Shakespeare’s Hamlet, the bard’s dramatic tour de force, can be read as a detailed, in-depth allegorical study of the effects of ancestral or generational trauma on the human mind. It describes the onset of PTSD-like symptoms in Hamlet’s behavior, including melancholy, anti-social solitude, a paranoid suspicion of authority, erratic fits of eccentricity, leading, ultimately, to a climactic outburst of violent tragedy.





Cervantes’ masterpiece, Don Quixote, addresses the trauma of confronting a reality that is frequently at odds with the glamorized, hyped-up, borderline-fantastical versions that media channels feed us. In the novel, the protagonist, Don Quixote, is portrayed as having his worldview shaped entirely by popular medieval chivalric romances, laden with fantastical elements and melodramatic storylines featuring characters exhibiting exaggerated heroic traits. In 21st-century terms, one may identify this representation with the modern consumer of mass media content, much of which is hyped-up, glamorized, and at odds with reality as we experience it. Cervantes’ magnum opus delves into the trauma at the heart of one’s experiences falling short of one’s glamorized expectations.
Literary Depth Perception
In this manner, the experience of human trauma and the challenges associated with confronting it constitute the core of the human predicament alluded to by much of the symbolic, mythical, and religious literature of archaic times, in the pictorial vocabulary of the ancients as opposed to the clinical, analytical, scientific vocabulary of modern scientific publications. Lacking the precise analytical jargon of modern scientific journals, the ancients expressed their ideas in figurative terms — ideas that were, frequently, highly sophisticated, complex, and meaningful. For instance, in the Bible, it is recounted that Christ conveyed his teachings through parables, which were allegorical tales laden with meaning. In private, on the other hand, as recounted in Gnostic texts such as the Gospel of Thomas, Christ supposedly conveyed his teachings through riddling phrases, strikingly similar to Zen koans.

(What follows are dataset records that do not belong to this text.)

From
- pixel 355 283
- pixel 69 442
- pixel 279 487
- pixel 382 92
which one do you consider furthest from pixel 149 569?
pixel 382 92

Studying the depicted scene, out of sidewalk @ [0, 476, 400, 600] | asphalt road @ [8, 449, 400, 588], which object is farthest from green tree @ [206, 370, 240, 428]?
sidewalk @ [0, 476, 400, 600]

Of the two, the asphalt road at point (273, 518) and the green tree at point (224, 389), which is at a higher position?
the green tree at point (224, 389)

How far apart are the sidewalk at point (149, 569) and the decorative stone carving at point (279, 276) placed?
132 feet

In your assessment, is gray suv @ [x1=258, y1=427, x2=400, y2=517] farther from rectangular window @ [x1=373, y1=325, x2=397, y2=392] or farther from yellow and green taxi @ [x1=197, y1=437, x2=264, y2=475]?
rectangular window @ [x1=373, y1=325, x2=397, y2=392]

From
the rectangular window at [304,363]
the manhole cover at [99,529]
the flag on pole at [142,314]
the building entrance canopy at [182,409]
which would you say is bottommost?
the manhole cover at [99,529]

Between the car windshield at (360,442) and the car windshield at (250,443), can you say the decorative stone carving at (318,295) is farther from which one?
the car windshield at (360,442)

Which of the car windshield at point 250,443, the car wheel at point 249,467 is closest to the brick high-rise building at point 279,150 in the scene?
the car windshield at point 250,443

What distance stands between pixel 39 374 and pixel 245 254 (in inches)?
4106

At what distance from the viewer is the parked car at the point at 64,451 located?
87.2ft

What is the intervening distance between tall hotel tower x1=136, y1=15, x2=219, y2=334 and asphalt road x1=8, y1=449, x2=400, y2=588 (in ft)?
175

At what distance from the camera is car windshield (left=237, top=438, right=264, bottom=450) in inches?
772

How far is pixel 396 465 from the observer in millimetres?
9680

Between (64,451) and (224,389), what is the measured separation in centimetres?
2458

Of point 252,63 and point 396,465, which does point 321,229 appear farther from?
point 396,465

Thus, we come to understand that ancient texts often require multiple levels of interpretation to make a proper sense of their true meaning. On the one hand, there is a need for literal linguistic translation; on the other hand, such texts invariably require insightful figurative interpretation to reveal their deeper meaning in terms understandable to the modern reader. The latter is invariably the domain of interpretive literary criticism, and it is by no means an easy, unambiguous pursuit. Even here, there is the possibility of multiple dimensions of interpretation and comprehension of archaic symbolic texts expressed in figurative linguistic constructs.

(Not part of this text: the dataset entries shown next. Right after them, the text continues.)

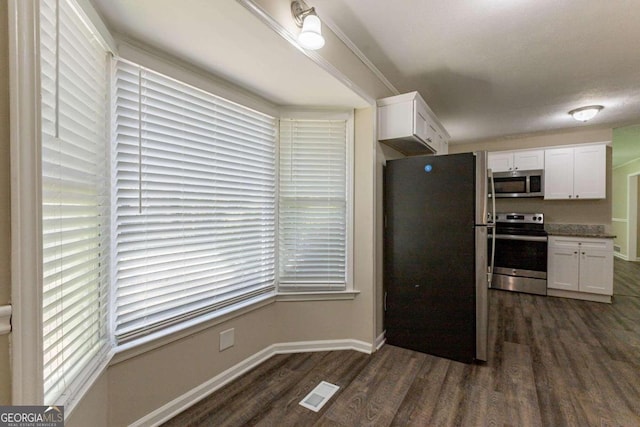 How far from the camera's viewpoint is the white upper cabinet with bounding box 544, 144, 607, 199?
13.2ft

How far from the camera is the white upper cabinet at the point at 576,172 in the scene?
13.2ft

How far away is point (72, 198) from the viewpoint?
1164 millimetres

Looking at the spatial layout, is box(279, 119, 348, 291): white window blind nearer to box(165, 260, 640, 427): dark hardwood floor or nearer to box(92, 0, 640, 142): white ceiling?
box(92, 0, 640, 142): white ceiling

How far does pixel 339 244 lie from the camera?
2578 millimetres

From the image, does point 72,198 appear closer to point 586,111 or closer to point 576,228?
point 586,111

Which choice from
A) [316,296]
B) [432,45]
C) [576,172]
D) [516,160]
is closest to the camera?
[432,45]

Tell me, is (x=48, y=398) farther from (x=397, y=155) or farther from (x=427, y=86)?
(x=427, y=86)

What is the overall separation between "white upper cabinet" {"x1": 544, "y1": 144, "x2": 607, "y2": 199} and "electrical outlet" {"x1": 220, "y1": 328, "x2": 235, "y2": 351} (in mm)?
4868

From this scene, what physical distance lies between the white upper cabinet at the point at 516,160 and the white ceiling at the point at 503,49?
996 mm

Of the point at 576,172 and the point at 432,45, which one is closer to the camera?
the point at 432,45

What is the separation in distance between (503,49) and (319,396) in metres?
2.92

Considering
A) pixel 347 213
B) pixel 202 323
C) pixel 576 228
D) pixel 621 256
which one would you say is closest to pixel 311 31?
pixel 347 213

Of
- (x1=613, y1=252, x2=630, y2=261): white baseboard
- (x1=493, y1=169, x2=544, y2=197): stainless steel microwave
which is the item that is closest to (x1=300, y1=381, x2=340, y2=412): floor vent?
(x1=493, y1=169, x2=544, y2=197): stainless steel microwave

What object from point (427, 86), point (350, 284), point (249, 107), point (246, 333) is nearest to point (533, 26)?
point (427, 86)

Essentially, therefore, when dealing with the vast treasure trove of archaic literature, we must proceed judiciously and with considerable discernment. We must recognize that there is considerable depth of meaning and the complexity of expression in such literary works. The fundamentalist reads these profound texts and extracts the most shallow, superficial, literal meaning from them, taking the texts at face value and arriving at a dreadfully erroneous and foolishly distorted understanding of them. If we are to enrich our lives with the depth of meaning embedded in these texts, we must do our best to avoid such naive, shallow errors in understanding and instead exercise the due diligence to explore these texts with the depth perception their authors truly intended.